Both providers (PydanticAI and LiteLLM) support common model settings to fine-tune the LLM behavior:

agents:
  tuned_agent:
    model_settings:
      max_tokens: 2000          # Maximum tokens to generate
      temperature: 0.7          # Randomness (0.0 - 2.0)
      top_p: 0.9               # Nucleus sampling threshold
      timeout: 30.0            # Request timeout in seconds
      parallel_tool_calls: true # Allow parallel tool execution
      seed: 42                 # Random seed for reproducibility
      presence_penalty: 0.5     # (-2.0 to 2.0) Penalize token reuse
      frequency_penalty: 0.3    # (-2.0 to 2.0) Penalize token frequency
      logit_bias:              # Modify token likelihood
        "1234": 100  # Increase likelihood
        "5678": -100 # Decrease likelihood

Example with Provider and Model Settings¶

agents:
  advanced_agent:
    provider:
      type: pydantic_ai
      name: "Advanced GPT-4"
      model: openai:gpt-4
      end_strategy: early
      validation_enabled: true
      allow_text_fallback: true
      model_settings:
        temperature: 0.8
        max_tokens: 1000
        presence_penalty: 0.2
        timeout: 60.0

  cautious_agent:
    provider:
      type: litellm
      name: "Careful Claude"
      model: anthropic:claude-2
      retries: 3
      model_settings:
        temperature: 0.3  # More deterministic
        max_tokens: 2000
        timeout: 120.0    # Longer timeout

Provider-Specific Behavior¶

PydanticAI: Uses settings directly with the underlying model
LiteLLM: Maps settings to provider-specific parameters (e.g., 'timeout' becomes 'request_timeout')

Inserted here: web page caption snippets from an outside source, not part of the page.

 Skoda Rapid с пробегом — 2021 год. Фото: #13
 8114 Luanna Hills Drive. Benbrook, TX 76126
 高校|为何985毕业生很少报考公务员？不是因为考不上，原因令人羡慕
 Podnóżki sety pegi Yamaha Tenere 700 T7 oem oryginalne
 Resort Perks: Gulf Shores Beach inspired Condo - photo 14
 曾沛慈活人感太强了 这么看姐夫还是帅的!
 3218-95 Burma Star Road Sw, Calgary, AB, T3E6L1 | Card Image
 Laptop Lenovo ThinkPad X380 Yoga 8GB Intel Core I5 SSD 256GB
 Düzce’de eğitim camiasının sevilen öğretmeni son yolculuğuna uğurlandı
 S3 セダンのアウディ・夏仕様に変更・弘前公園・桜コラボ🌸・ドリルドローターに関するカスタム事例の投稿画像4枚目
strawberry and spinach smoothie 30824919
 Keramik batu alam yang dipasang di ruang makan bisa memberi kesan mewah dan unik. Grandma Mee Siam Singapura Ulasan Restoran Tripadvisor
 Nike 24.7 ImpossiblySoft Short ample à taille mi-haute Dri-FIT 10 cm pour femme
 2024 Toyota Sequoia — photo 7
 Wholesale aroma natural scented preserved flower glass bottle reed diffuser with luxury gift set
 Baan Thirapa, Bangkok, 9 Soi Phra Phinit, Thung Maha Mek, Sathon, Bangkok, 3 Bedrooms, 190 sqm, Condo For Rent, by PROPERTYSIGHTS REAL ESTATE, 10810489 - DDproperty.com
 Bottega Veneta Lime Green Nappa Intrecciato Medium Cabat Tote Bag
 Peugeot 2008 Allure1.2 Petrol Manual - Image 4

All settings are optional and providers will use their defaults if not specified.

Setting pydantic-ai models by identifier¶

LLMling-agent also extends pydantic-ai functionality by allowing to define more models via simple string identifiers. These providers are

OpenRouter (openrouter:provider/model-name, requires OPENROUTER_API_KEY env var)
Grok (X) (grok:grok-2-1212, requires X_AI_API_KEY env var)
DeepSeek (deepsek:deepsek-chat, requires DEEPSEEK_API_KEY env var)

For detailed model documentation and features, see the llmling-models repository.